» **TASK OBJECTIVE**:
Within the records, find every line that includes the word "White" and copy it.
---- RECORDS SHOWN
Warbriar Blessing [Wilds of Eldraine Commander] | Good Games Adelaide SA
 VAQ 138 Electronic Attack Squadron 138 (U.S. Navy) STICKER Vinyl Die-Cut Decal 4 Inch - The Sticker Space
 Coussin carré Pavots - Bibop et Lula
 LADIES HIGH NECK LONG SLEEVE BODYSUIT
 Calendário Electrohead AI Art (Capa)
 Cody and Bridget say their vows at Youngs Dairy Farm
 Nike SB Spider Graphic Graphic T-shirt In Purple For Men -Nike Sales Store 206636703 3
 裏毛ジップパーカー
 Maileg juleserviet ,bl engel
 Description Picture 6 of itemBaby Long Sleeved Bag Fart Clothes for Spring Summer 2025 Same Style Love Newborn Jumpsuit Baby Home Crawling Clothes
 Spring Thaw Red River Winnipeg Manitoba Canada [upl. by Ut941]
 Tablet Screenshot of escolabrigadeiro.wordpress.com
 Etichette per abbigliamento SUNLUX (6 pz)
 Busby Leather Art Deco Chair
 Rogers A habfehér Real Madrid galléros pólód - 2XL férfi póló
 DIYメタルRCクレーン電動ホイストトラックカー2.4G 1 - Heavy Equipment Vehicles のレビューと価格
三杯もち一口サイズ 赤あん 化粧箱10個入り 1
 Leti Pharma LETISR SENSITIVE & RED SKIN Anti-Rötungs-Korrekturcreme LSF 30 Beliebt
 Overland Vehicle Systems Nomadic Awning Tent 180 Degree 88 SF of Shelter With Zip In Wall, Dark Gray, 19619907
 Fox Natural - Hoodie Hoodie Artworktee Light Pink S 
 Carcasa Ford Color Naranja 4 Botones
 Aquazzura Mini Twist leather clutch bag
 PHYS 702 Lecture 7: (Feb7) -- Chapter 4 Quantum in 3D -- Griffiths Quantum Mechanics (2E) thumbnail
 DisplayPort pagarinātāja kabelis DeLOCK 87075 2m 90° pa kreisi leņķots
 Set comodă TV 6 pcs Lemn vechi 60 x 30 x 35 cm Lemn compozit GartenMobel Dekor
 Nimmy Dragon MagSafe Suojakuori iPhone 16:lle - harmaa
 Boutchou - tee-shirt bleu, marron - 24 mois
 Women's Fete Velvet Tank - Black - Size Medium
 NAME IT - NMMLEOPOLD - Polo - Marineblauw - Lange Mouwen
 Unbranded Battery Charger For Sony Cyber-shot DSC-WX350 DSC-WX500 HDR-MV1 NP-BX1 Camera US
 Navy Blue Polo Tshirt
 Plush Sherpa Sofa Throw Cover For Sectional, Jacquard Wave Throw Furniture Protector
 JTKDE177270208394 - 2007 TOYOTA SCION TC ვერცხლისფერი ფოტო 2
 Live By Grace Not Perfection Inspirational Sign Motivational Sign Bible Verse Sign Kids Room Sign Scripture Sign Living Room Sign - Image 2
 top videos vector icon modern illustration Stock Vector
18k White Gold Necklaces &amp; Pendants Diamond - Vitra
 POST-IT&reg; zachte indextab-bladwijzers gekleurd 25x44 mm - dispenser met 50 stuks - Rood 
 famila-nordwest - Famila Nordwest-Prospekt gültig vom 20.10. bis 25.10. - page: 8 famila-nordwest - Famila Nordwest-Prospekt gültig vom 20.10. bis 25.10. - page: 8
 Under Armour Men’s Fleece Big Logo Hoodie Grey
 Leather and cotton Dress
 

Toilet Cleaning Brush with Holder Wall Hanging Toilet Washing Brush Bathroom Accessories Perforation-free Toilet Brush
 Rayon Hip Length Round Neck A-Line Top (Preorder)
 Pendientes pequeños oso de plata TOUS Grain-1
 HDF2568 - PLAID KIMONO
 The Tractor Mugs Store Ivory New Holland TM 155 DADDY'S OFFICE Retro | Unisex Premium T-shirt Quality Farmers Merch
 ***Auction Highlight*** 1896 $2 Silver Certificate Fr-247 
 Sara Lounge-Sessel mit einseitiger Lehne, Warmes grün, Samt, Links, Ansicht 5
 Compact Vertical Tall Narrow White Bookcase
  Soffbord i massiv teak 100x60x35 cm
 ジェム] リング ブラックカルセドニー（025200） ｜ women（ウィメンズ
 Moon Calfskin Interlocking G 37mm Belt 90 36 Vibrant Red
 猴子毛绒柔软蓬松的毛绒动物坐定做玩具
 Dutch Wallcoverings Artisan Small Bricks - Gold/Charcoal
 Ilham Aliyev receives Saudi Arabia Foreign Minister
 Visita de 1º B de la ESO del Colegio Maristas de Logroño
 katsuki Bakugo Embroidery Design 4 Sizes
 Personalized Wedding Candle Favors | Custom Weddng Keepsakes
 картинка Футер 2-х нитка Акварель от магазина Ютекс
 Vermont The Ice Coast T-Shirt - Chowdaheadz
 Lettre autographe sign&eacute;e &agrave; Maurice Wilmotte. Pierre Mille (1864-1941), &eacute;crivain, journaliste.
--------
» **SOLUTION TO THIS TASK**:
18k White Gold Necklaces &amp; Pendants Diamond - Vitra
 Compact Vertical Tall Narrow White Bookcase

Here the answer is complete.